Republican candidate Ben Carson stirred up some press when he suggested that there should be a religious test for public office — or at least for the highest public office, anyway:
“I would not advocate that we put a Muslim in charge of this nation,” Carson said in an interview televised on NBC’s “Meet the Press” on Sunday. “I absolutely would not agree with that.”
“… Congress is a different story, because it depends on who that Muslim is and what their policies are, just as it depends on what anybody else says, you know,” Carson said.
This is because Carson asserts that the Muslim faith is “inconsistent with the values of America.”
When doubling down on the comments, his campaign spokesman did a little song-and-dance to justify Carson’s logic:
“He did not say that a Muslim should be prevented from running, or barred from running in any way,” Watts said. “He [Carson] just doesn’t believe the American people are ready for that.”
“Dr.
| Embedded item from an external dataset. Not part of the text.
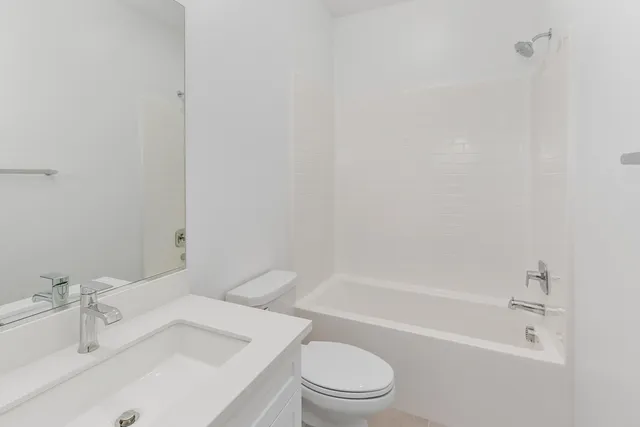 a bathroom with a sink toilet and bathtub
Carson is a strict adherent to the First Amendment — freedom of religion. That includes people of all faith,” Watts said. “He has great respect for the Muslim community, but there is a huge gulf between the faith and practice of the Muslim faith, and our Constitution and American values,” he added.
Lest anyone think that this is an anomaly or only particular to Muslims, there are a number of states that ban people who don’t believe in God from running for public office (although these bans aren’t typically enforced and are likely unconstitutional), and the argument is sometimes also applied to Mormons, Jews and people of LGBT-affirming Christian faiths. And there is no shortage of far right pundits who claim this is justified.